## PROBLEM TO SOLVE
With the line containing "1分でチェック！あなたの足にCORE STEPは必要？" as the starting point, output every line of the data below through its final line, character for character.
Start of MATERIAL FOR THE TASK
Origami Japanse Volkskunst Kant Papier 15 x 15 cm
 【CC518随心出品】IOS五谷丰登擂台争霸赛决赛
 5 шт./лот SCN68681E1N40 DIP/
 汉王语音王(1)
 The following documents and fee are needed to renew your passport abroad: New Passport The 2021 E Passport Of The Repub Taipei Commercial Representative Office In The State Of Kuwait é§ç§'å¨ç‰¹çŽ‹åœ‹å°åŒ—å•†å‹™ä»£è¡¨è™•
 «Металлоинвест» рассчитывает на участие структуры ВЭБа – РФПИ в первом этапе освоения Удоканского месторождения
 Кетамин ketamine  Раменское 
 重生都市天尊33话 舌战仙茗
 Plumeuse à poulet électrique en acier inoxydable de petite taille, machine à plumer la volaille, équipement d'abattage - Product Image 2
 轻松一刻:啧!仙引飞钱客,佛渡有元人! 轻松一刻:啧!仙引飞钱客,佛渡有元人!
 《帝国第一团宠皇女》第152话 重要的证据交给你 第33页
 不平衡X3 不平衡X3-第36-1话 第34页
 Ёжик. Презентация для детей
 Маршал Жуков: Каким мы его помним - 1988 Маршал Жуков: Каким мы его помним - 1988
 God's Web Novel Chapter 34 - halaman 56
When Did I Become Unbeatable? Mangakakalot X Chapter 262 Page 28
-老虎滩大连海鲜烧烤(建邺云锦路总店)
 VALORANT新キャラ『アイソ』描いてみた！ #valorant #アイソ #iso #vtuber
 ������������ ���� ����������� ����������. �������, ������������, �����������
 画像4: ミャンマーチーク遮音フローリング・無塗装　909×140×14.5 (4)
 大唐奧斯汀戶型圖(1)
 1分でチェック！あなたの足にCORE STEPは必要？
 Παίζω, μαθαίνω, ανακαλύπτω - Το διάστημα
End of MATERIAL FOR THE TASK
## COMPLETED TASK
 1分でチェック！あなたの足にCORE STEPは必要？
 Παίζω, μαθαίνω, ανακαλύπτω - Το διάστημα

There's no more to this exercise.